Reconozco las grandes aportaciones de las ciencias al desarrollo de la humanidad. Pero igual que es muy peligrosa la religión sin fe, quizá no hay nada más peligroso que la ciencia sin ética, porque entonces todo lo que es técnicamente posible, acaba siendo realizable. El “hecho” se convierte en “derecho”. Hoy es técnicamente posible la destrucción de nuestro planeta. La tentación de pasar de la posibilidad a la acción está siempre al acecho. En un mundo secularizado, no hay ningún “dios” que se interponga en el camino de la ambición y la locura humanas. En una encrucijada como esta, solo veo dos salidas posibles: la “autodestrucción” de la que hablan Boff (en el artículo antes citado) y el lugareño (en su charla matutina) o el redescubrimiento de nuestra verdadera humanidad que nos lleve a articular de un modo nuevo las cinco relaciones básicas que nos mantienen vivos y a las que he hecho referencia en varias ocasiones en este blog. Sin una nueva articulación de la relación con nosotros mismos, con los demás, con la naturaleza, con el tiempo y con Dios, no preveo un futuro digno del ser humano. 

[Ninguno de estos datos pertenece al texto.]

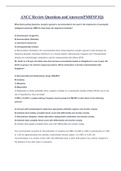ANCC Review Questions And Answers &lpar;PMHNP&rpar; &vert;Review &vert;Correct &vert; 2022&sol;2023&vert; 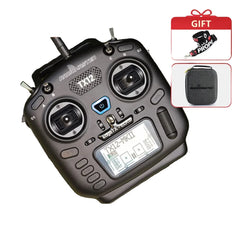 RadioMaster TX12 MKII transmitter at an angle with case and gift inset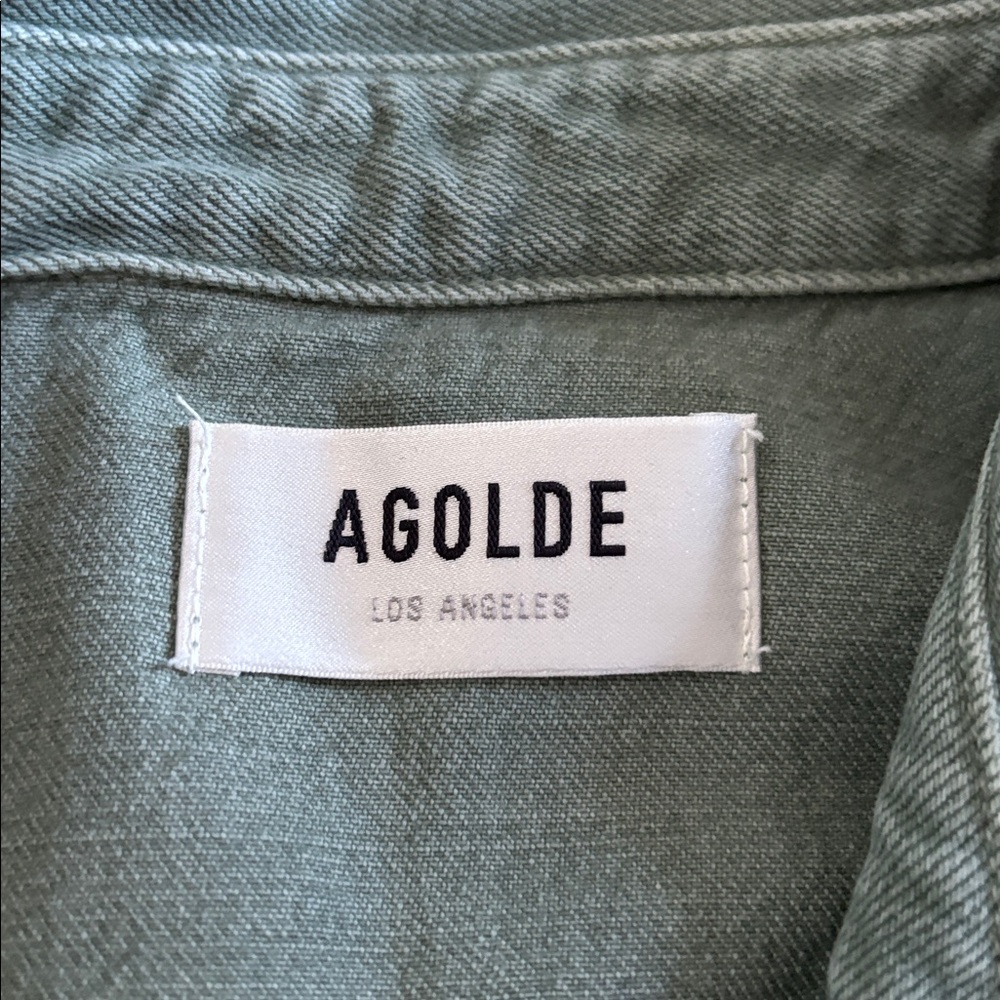 Agolde Green Denim Jacket - Picture 3 of 3
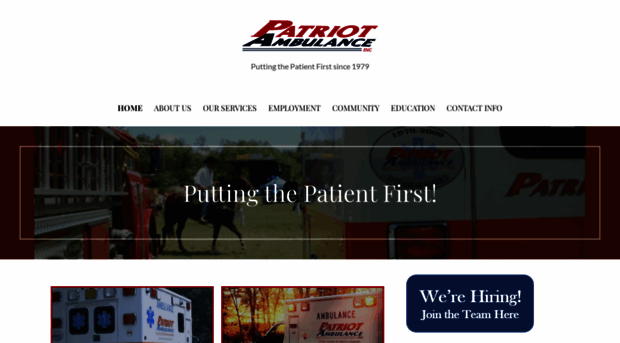 patriotambulance.com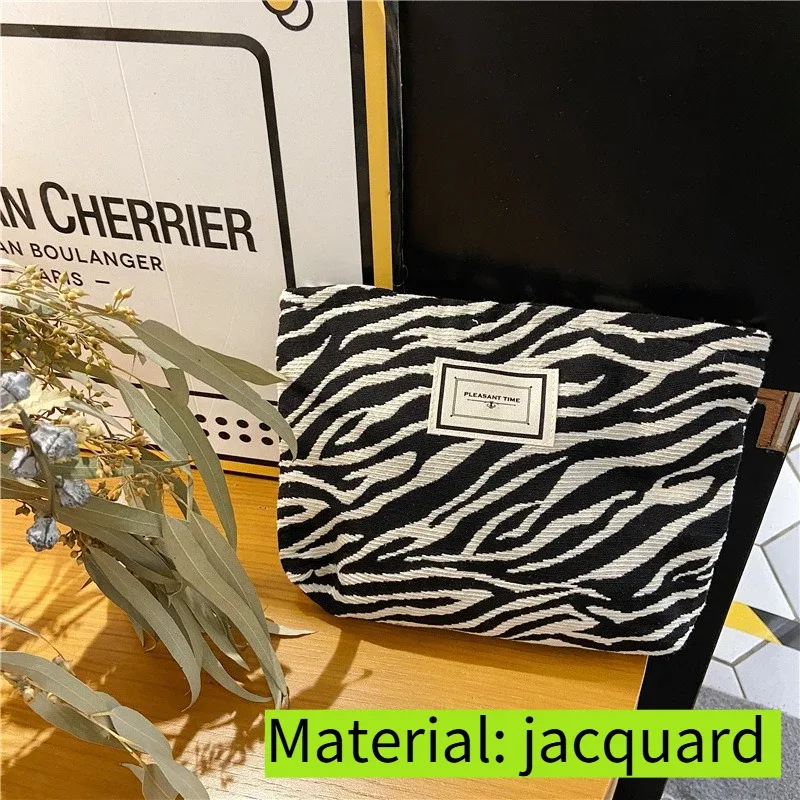 sacs à cosmétiques college léopard pour femmes, trousse de maquillage portable simple pour dames, sacs à main de voyage en plein air, sac de rangement de lavage féminin, mode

Jesús de Nazaret nos enseña el camino, pero -emborrachados de autosuficiencia-, ¿tendremos todavía la humildad de dejarnos guiar o preferiremos seguir con nuestros experimentos? Lo que no queremos aprender por la vía de un discipulado humilde, acabaremos aprendiéndolo a fuerza de experiencias desgarradoras. La historia nos ofrece lecciones elocuentes, pero ya se sabe que hace décadas que hemos entrado en “el fin de la historia” (Fukuyama dixit).